When I assign the resource with the 24-hour calendar, the work calculate is
also 24 hours *but* the end date of the task has now changed to 25 October
at 08:00. The 24-hour resource can complete their 24 hours worth of work in
24 hours, hence the change in end date.

I hope this helps. Let us know how you get along.

Julie
 
H

Haris Rashid

hi,

MS Project does not associate a calendar with the material resource.
You can adjust the usage and consumption rate of a material resource on an
assignment. The work value, or material usage, for assignments of material
resources can be variable or fixed. When you adjust the amount of work using
material resources, you are adjusting the number of units of the material
resource you're applying to the assignment.

On the View menu, click Task Usage.
In the Task Name field, select the assignment you want to change.
Click Assignment Information , and then click the General tab.
In the Start and Finish boxes, type the dates you want to start and finish
using the material resource.
The start and finish dates define the length of the assignment, or
assignment span. If the resource has variable material consumption and if
it's a fixed-unit or fixed-work task, changing the assignment changes the
total work or material usage.

Thanks,
 
T

TomF

JulieS,

Thanks so much for your extra help.

You are exactly correct when you say "How would anyone looking at a schedule
be able to know if a day is 24 hours or 8 hours? It would vary depending
upon which resource was assigned." This is precisely what I want. Becuase
the duration of my 24hr/7day per week resource is 45 days (24 hour days), I
don't want to list this duration as 1080 hours (management won't understand
how long that is without a calculator...). If they saw 45 days and looked at
the resource they would immediatly know that these are 24 hour days. With
many other parallel tasks on-going during this 45 day period with normal 8
hour per day resources , I cannot change my entire project chart to 24 hour
days. So how can I clearly express these durations? Any help?

Thomas
 
J

JulieS

Hi Thomas,

Because some of your resources work 24 hours per day and some only work 8
hours per day, I suggest focusing less on Duration and more on task Start
Date/Time and task End Date/Time and Work.

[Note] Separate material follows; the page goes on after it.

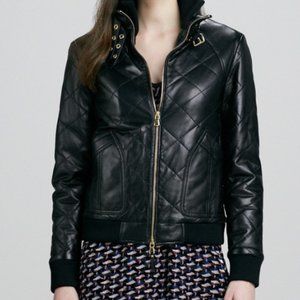 MARC by Marc Jacobs Kent Quilted Leather Jacket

However, there is another "work around" that may give you what you seek
using a custom calendar and a custom number field.

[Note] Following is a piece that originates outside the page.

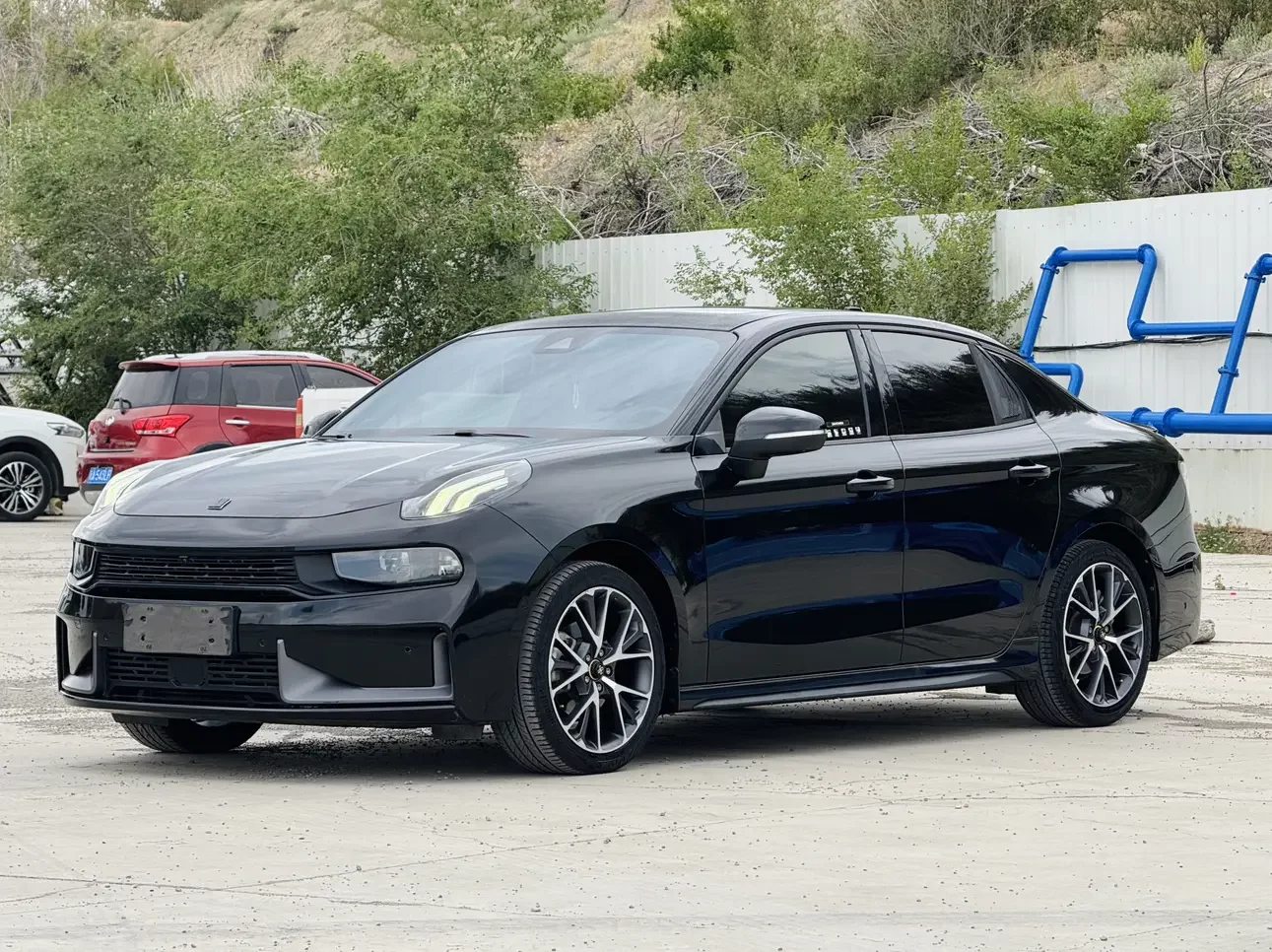 Lynk & Co 03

Create a new calendar (Tools>Change Working Time). Copy the 24 hours
calendar, name it (I used Long).

Then insert a custom Number field ([Number1] for example) in the task
table. Choose Tools>Customize Fields and select the [Number1] field.
Rename the field to something like "Duration in '24-Hour' days"
Click the Formula... button and use the following formula:

(ProjDateDiff([Start],[Finish],"Long"))/1440

In the Customize fields dialog box, click the Use Formula option for the
task and group summary rows.

This will show the number of 24 hour "days" between the start and end of the
task.

Hope this helps. Let us know how you get along.

Julie
 
S

Steve House [Project MVP]

Durations are ALWAYS recorded, scheduled, and tracked in hours (actually
minutes to be accurate). The units of Days, Weeks, and Months are only
conveniences for data entry and display so you don't have to convert them
yourself by hand. A task with a duration of 1000 working minutes is the
same length regardless of whether it is a man or a machine doing it or
whether it runs continuously or is periodically interrupted for time off.
The working day is irrelevant except in the sense it tells you how many of
the little squares on the calendar on the wall pass by as you work that 1000
total minutes of activity.
 
S

Steve House [Project MVP]

See my other post - you are confusing working days with duration. Duration
is the number of minutes - ALWAYS minutes - between start and finish. How
many workdays it takes to burn those minutes depends on the hours per day
the resource works, but the number of working days IS NOT the duration.